David Huether, senior vice president of economics and research at the U.S. Travel Association, provides analysis on today's Labor Department report on June 2012 employment numbers:“The Labor Department reported today that the economy added just 80,000 new jobs in June, similar to the revised 77,000 gain in May.
Meanwhile, the unemployment rate remained perched at 8.2 percent for a second consecutive month. After creating 226,000 jobs per month in the first quarter, the economy was only able to boost employment by an average of 75,000 per month in the second quarter. And, while some of this deceleration was due to an unseasonably warm winter, there's no denying that the recovery is in a soft patch.
“The slowdown has also extended to the travel sector of the economy, where after creating more than 13,000 jobs per month in the first quarter, travel jobs edged up just 2,600 per month in the second quarter, including an increase of just 1,300 in June to 7.6 million.
“Still, it is important to note that since the employment recovery began in March of 2011, the travel industry has created 271,000 new jobs and has created jobs at a pace that has been 26 percent faster than the rest of the economy.

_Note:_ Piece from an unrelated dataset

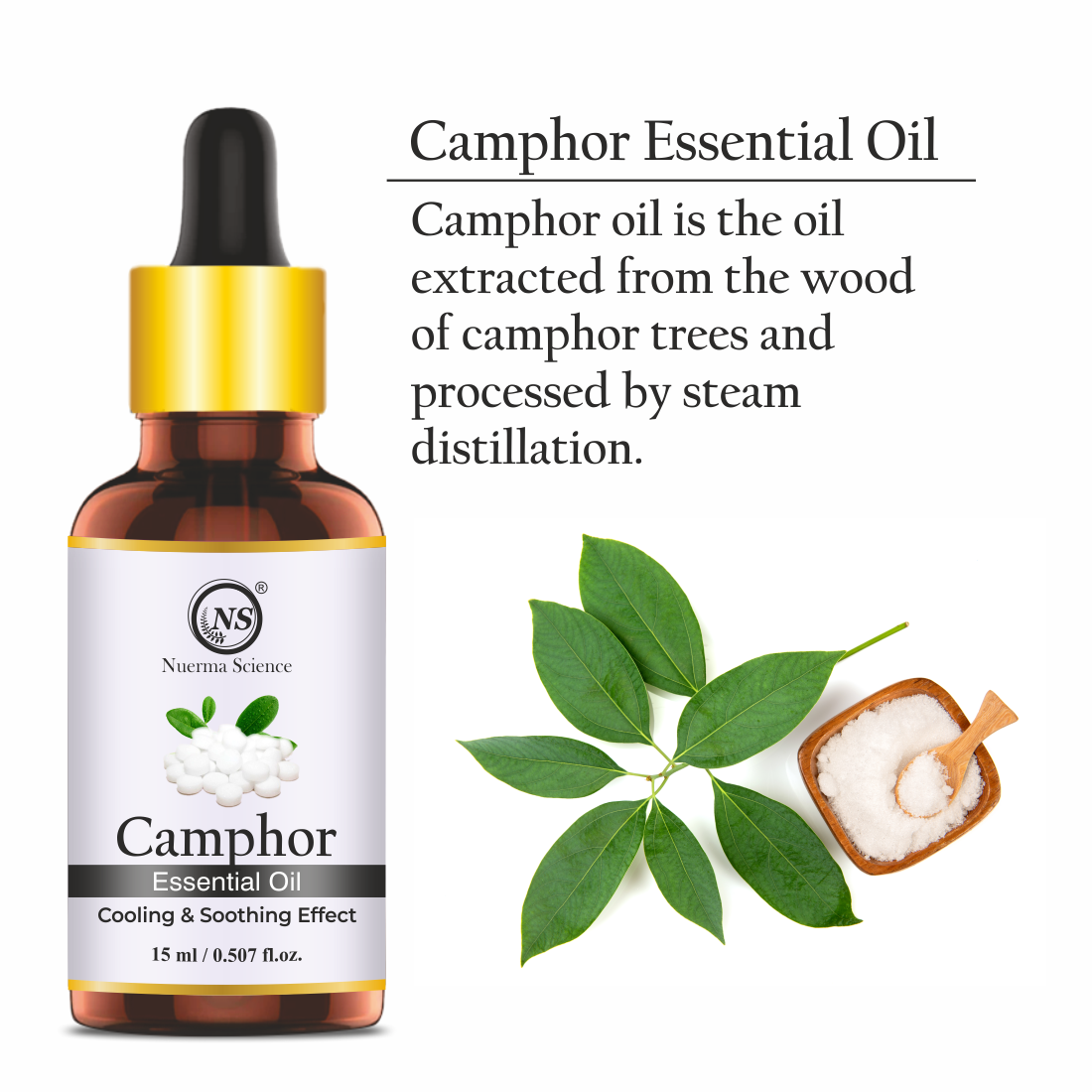 https://cdn.shopify.com/s/files/1/1857/6931/files/3_9043ade0-a4ba-43ae-8c74-2d6d81b68a21.png?v=1765546605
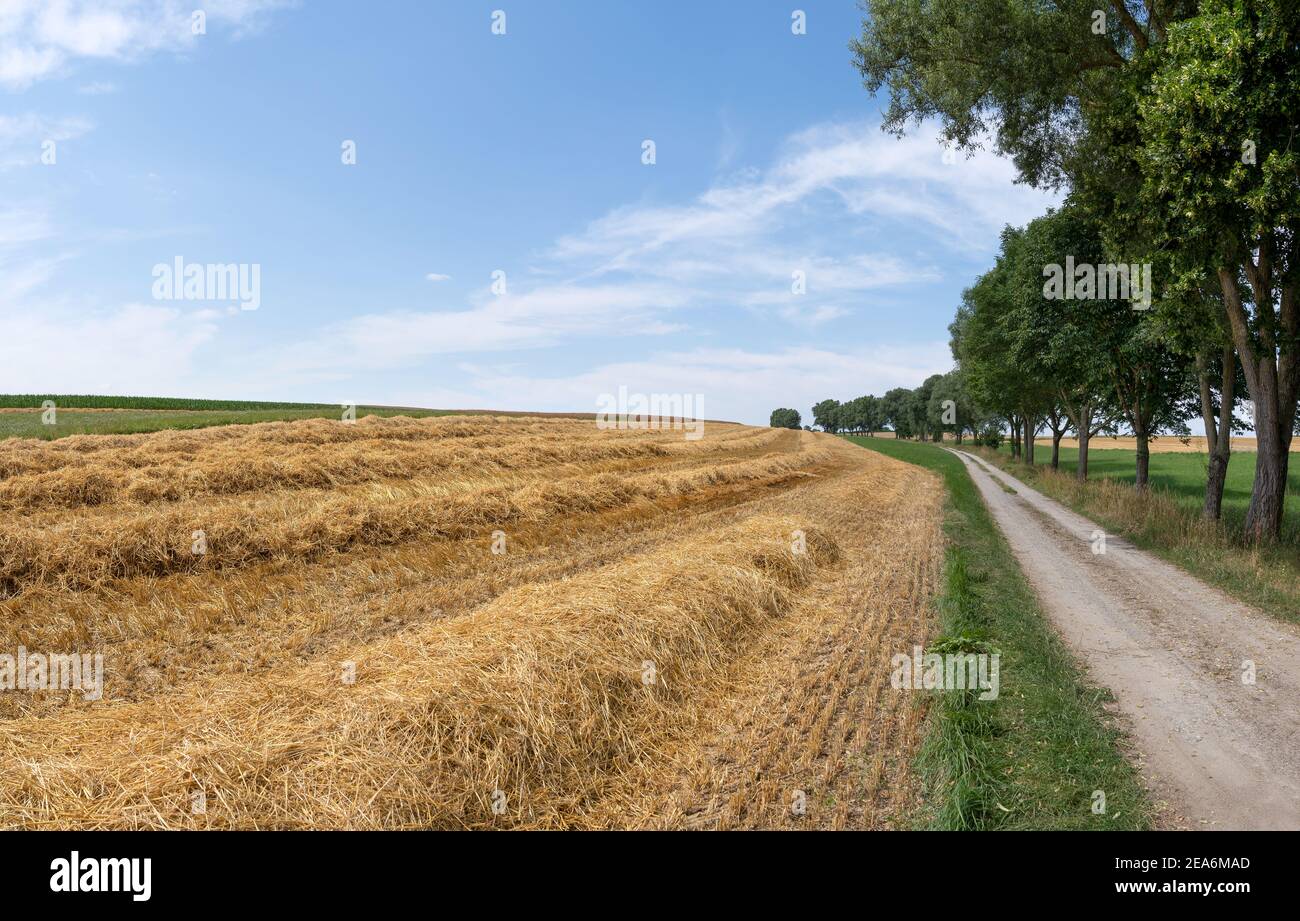 Harvested field with rows of straw next to an idyllic dirt road Stock Photo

“Two reasons why employment growth in the travel sector has been outpacing the rest of the economy in recent years are that jobs in the travel industry cannot be outsourced abroad or easily replaced through automation. With the travel industry more internationally engaged than most sectors of the economy, the current slowdown in employment growth has likely been due partly to the economic slowdown in Europe, which is why it is important for U.S. policymakers to enact sensible long-term reforms that will make it easier for travelers from other areas of the world, such as Latin American and Asia, to visit the United States. And with the spending of every 33 overseas visitors supporting one U.S. job, more visitors will equal more jobs in America.”